Dmitriy Garichev
Dmitry Garichev is a Russian writer and poet.
He was born in the town of Noginsk, Moscow Oblast. In his childhood he worked as a correspondent for district newspapers, a postman, and the head of a school choir. At the age of twelve, he was taken under the wing of the city literary association “Lyra,” led by Vladimir Nikolayevich Gordeev, now deceased.
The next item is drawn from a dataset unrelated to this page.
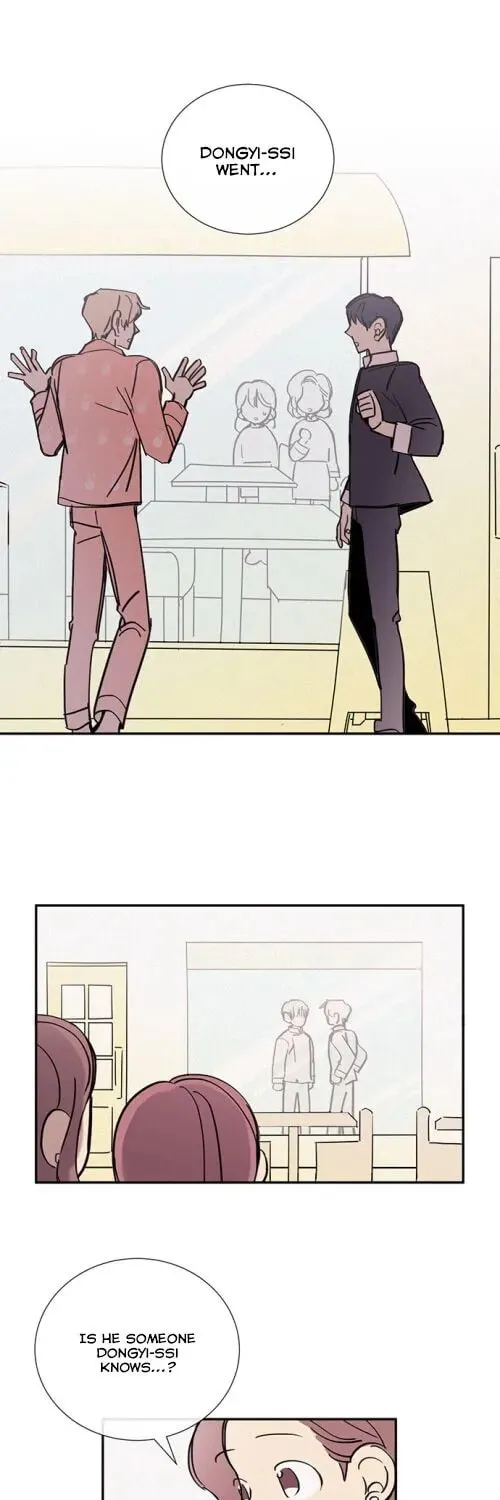 Honey Bunny! Chapter 8 page 3 - 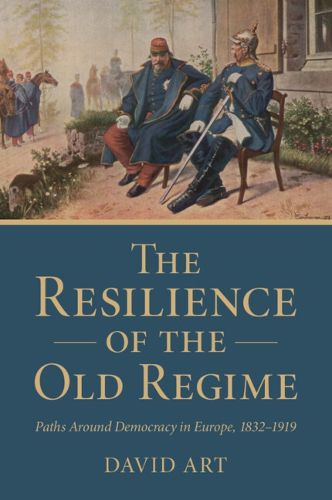 Cover image for The Resilience of the Old Regime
He graduated from the Faculty of Translation of the Moscow State Linguistic University.
He has been publishing on the Internet since 2011, and made his debut in the magazine Znamya in 2014. His first book of poems, After All the Dogs, was published in 2018 and received the small Moscow Score Prize.
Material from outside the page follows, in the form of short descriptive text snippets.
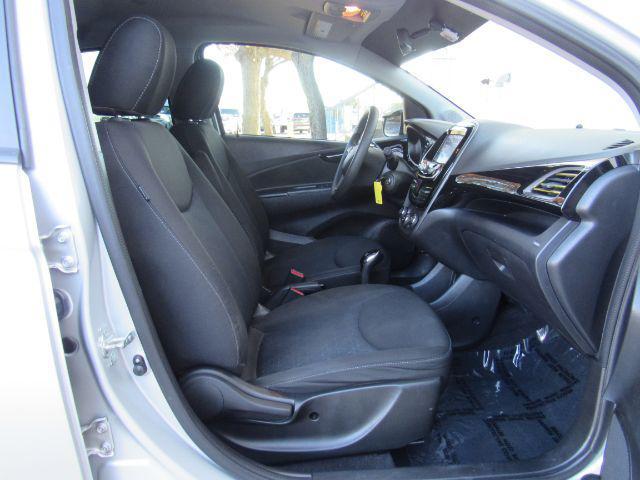 used 2021 Chevrolet Spark car, priced at $11,997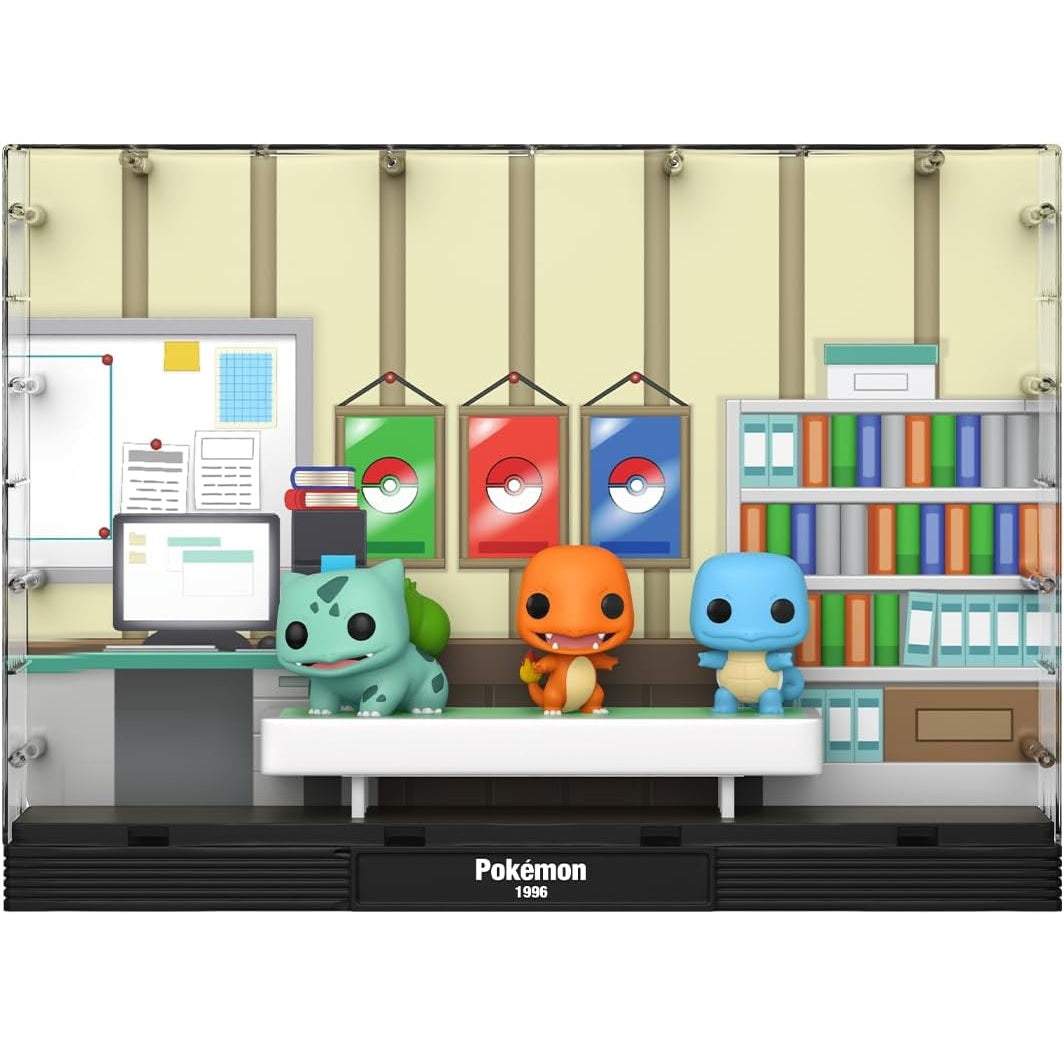 FUNKO POP ! MOMENTS ANIMATION NARUTO SHIPPUDEN - (1618) KAKASHI VS OBITO FIGURE - Immagine 2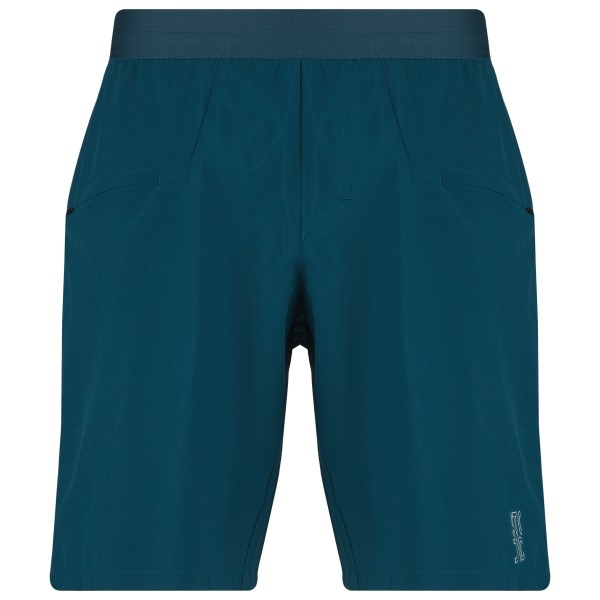 Stoic - MantorpSt. Multisport Shorts - Shorts Gr 3XL blau von Stoic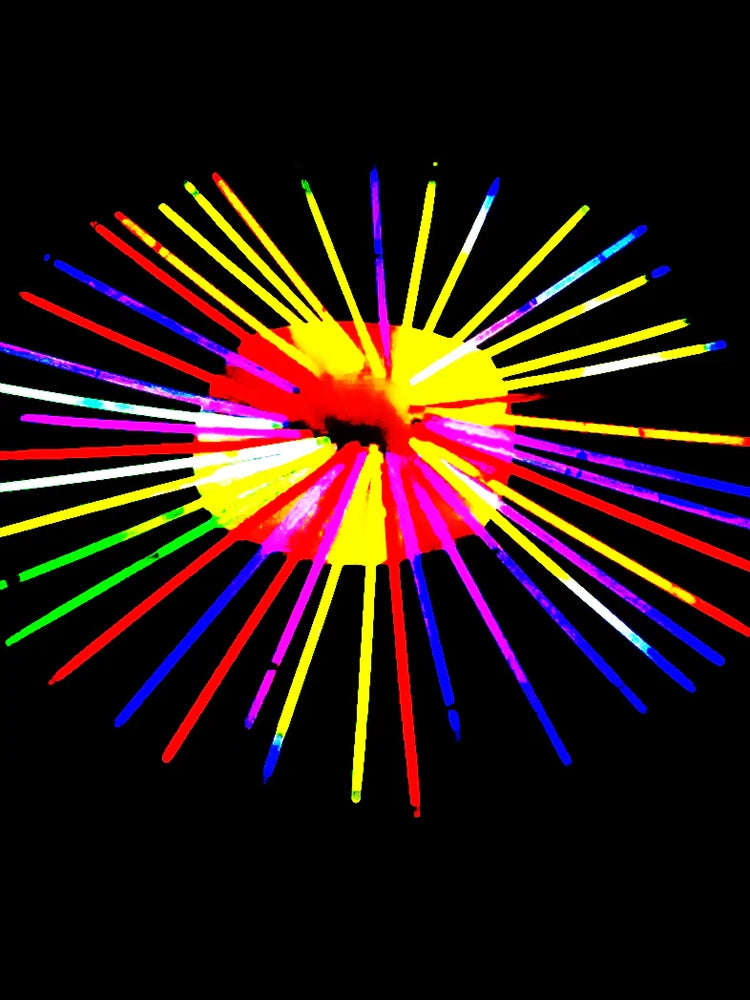 Fun Glow Mega Party Pack Sticks (40+ Pcs) 2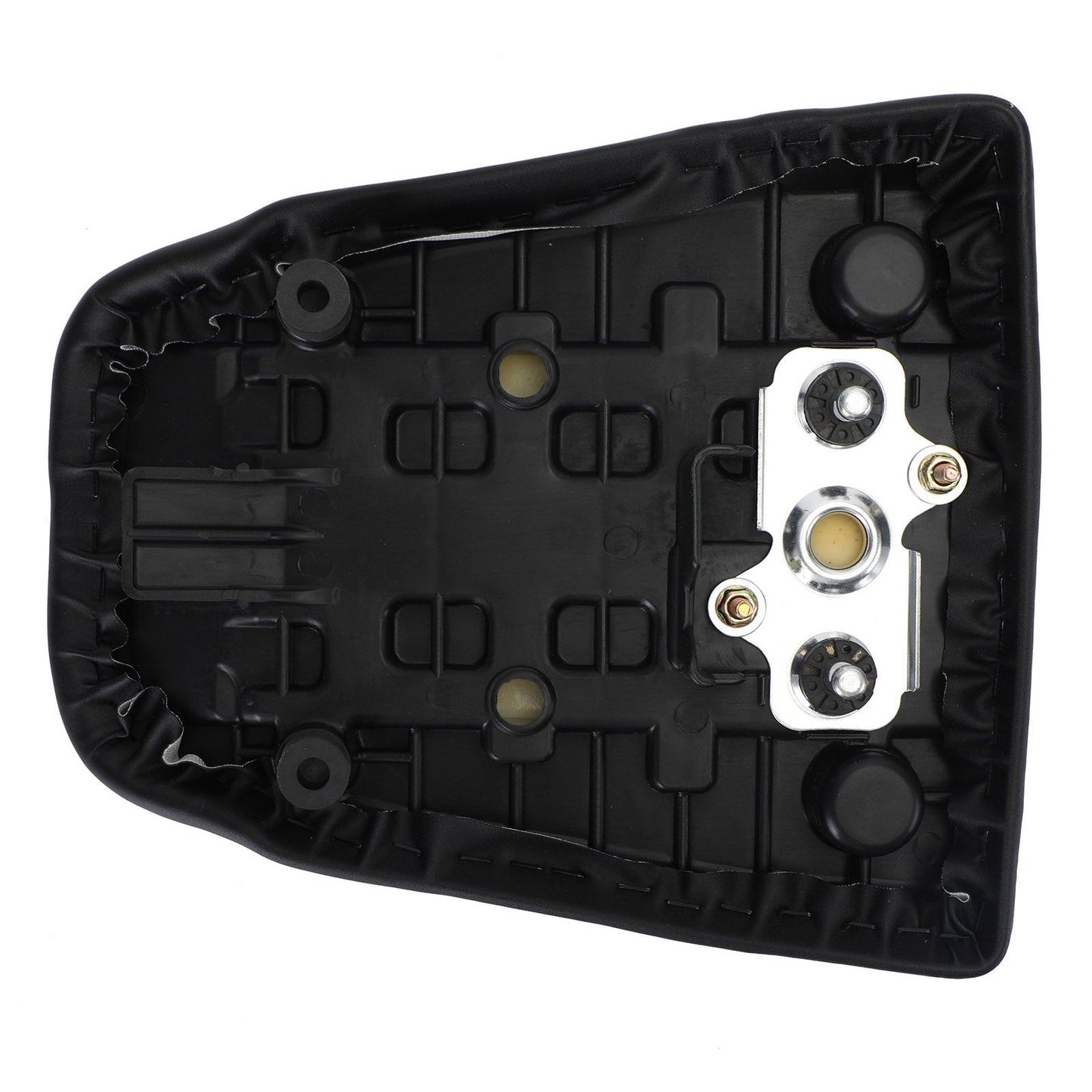 Rear Passenger Seat Black Cushion Fit For Suzuki Sv650 1000 2003-2007 04 05 06
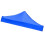 Dachplane 3x3m, blauer Oxford-Stoff 4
The authors most important to him are Aleksey Tsvetkov Sr., Sergei Stratanovsky, Yegor Letov, as well as the Chelyabinsk writers Andrey Podushkin and Aleksandr Samoylov. In literature, he focuses on local tasks, paying the greatest attention to locally revered miracles and beauties.
Dmitry Garichev writes poems that formally fit the definition of civic lyric poetry. At the same time, they contain a reserve of honesty, self-strictness, and cooling admiration that is rarely found in contemporary lyric poetry and goes beyond the question of “what about?”
He lives in Noginsk and works as a translator. He is married in the most wonderful way. He picks strawberries, mushrooms, and sorrel.